I've walked for miles up and down mountains, driven for hours solo along the coast, camped in nature for days to reconnect with the force of Source, traveled to India to learn meditation, spent countless hours in the yoga studio and gym, spent thousands of dollars on coaching and workshops, have a well-established library of self-help books, have filled journals cover to cover, sat in silence at a meditation retreat for hours on end for 10 days just watching my crazy monkey mind, all in the quest for happiness. 

And after all of that, I've learned that happiness does not come easily. 

Happiness is a practice; it takes work. 

To tell others, "just watch your thoughts and let them go," would be a gigantic disservice. Mind training may be simple in theory, "be present, equanimous, release attachment to thoughts" but let's face it, actually practicing that stuff is tough. 

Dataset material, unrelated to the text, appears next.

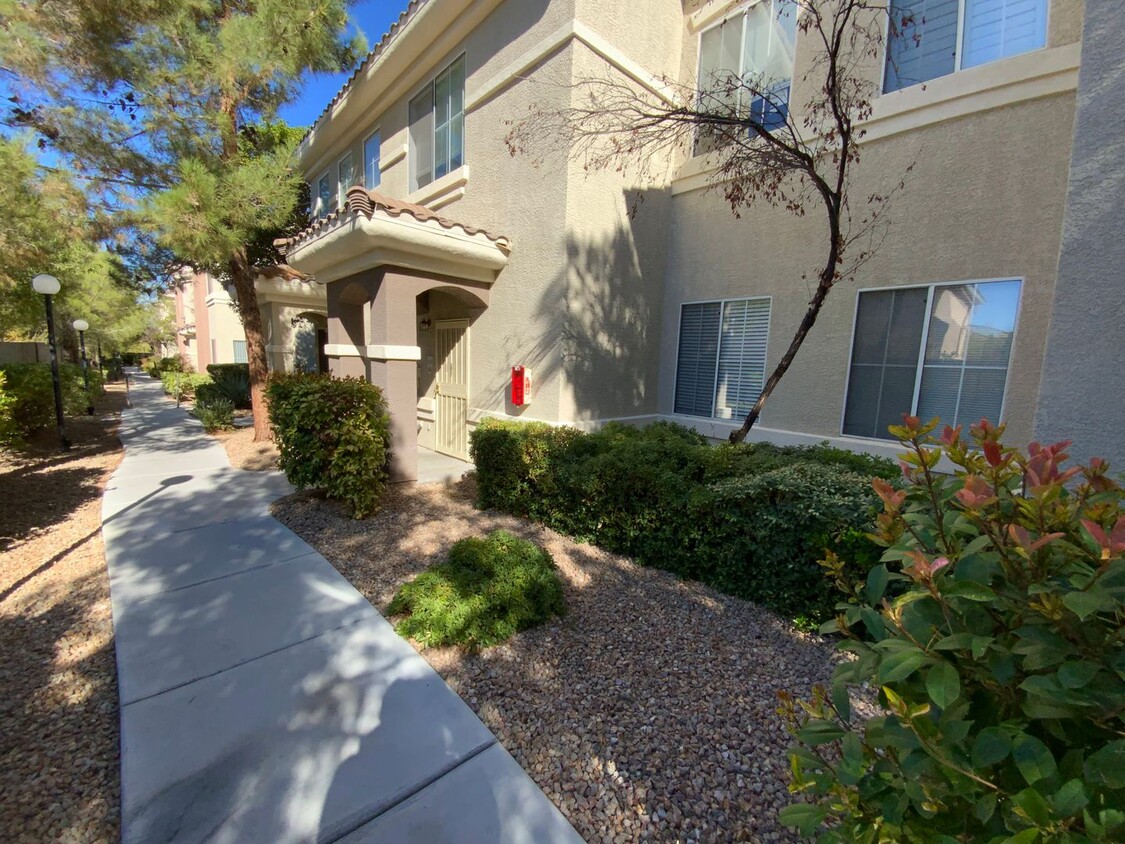 Foto principal - COZY CONDO IN GATED COMMUNITY WITH CLUBHOU...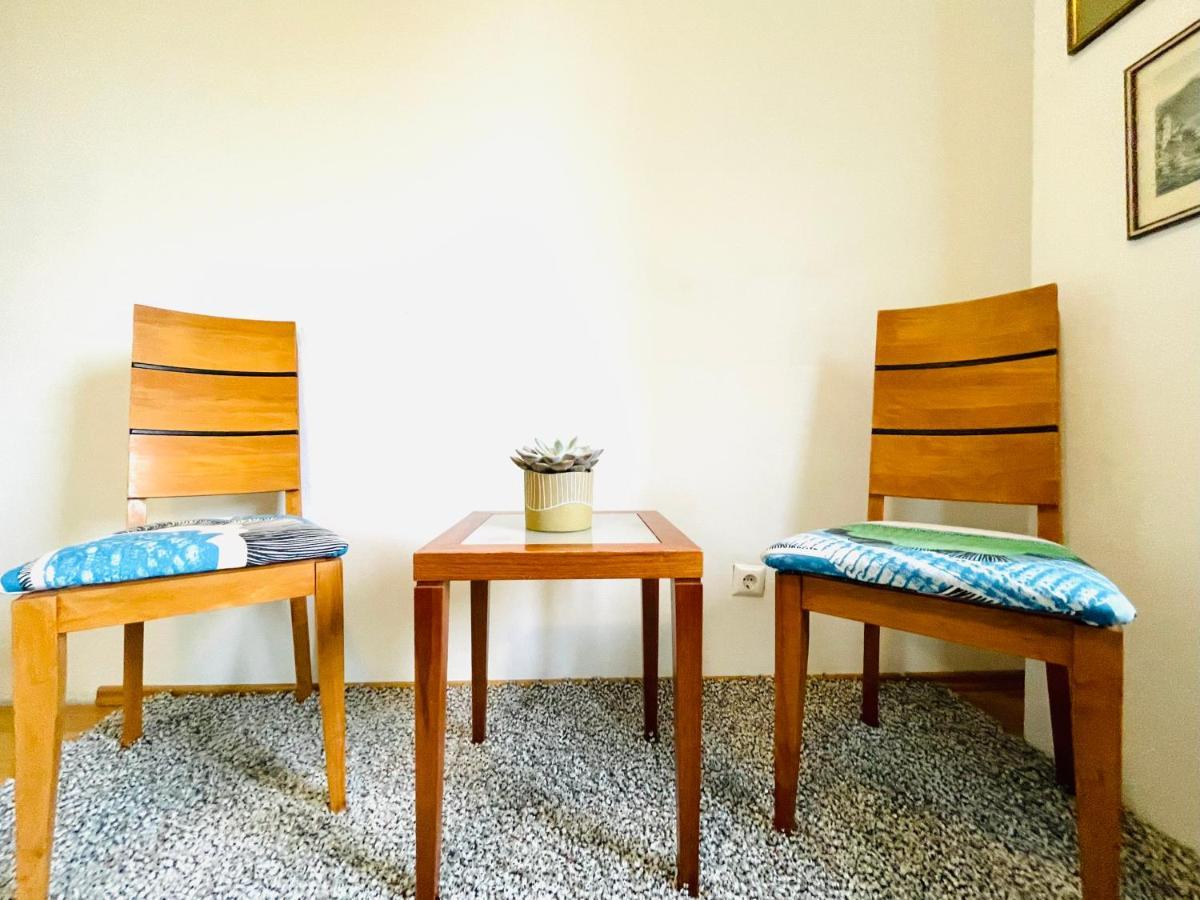 Das Zimmer Im Wiener Haus Bagian luar foto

Sometimes it's really hard to let go and we get stuck. You can be stuck for minutes, days, or years. You can't plan on when it's coming and you can't run from it when it comes; it consumes you. 

It sucks. 

But, without those dark moments life would be terribly boring.

It's very important to know that there's nothing wrong with you when you feel low. I'm pretty sure everybody does sometimes; it's just that no one talks about it. It's as if we put on a mask to the outside world and get really good at replying, "I'm great" when others ask how you are. So you suffer alone. 

But this is not true....suffering is part of the human condition. There will be love and loss, there will be disappointments, pain, and failures for everyone. 

Look at the bright side- there will be love, there will be miracles, joy, and there will be authentic success! 

When I feel stuck I discover my greatest strengths. I learn ways to get out of the dark hole: 

 a) courage to face the darkness

b) faith that the moment will pass and faith in Source and universal intelligence

c) self-discovery, healing, and life lessons that I am then able to share with others. 

Standing in front a room full of people with all eyes on me sharing one of my darkest moments was terrifying. I let go of being the expert. I let go of self-consciousness, and  I let go of the barrier that stood between my peers and myself. 

It was terrifying, but simultaneously immensely liberating. It was as if it came through me without my control, thought, or effort. 

In that moment, I learned what it truly means to be vulnerable.  I felt seen, heard, and most importantly loved.

Sometimes we think we are only loved or liked if we achieve more, acquire more accolades, more money and success; live the life we think we ought to rather than face who we are. I'm learning that loving all of myself no matter what the circumstance is the greatest achievement. 

When I teach meditation and mindfulness, I am sharing my journey. I teach because I am a student of myself and this life experience. We are all in this together and the best thing we can do is support each other through the good and bad until we see it all as one in the same.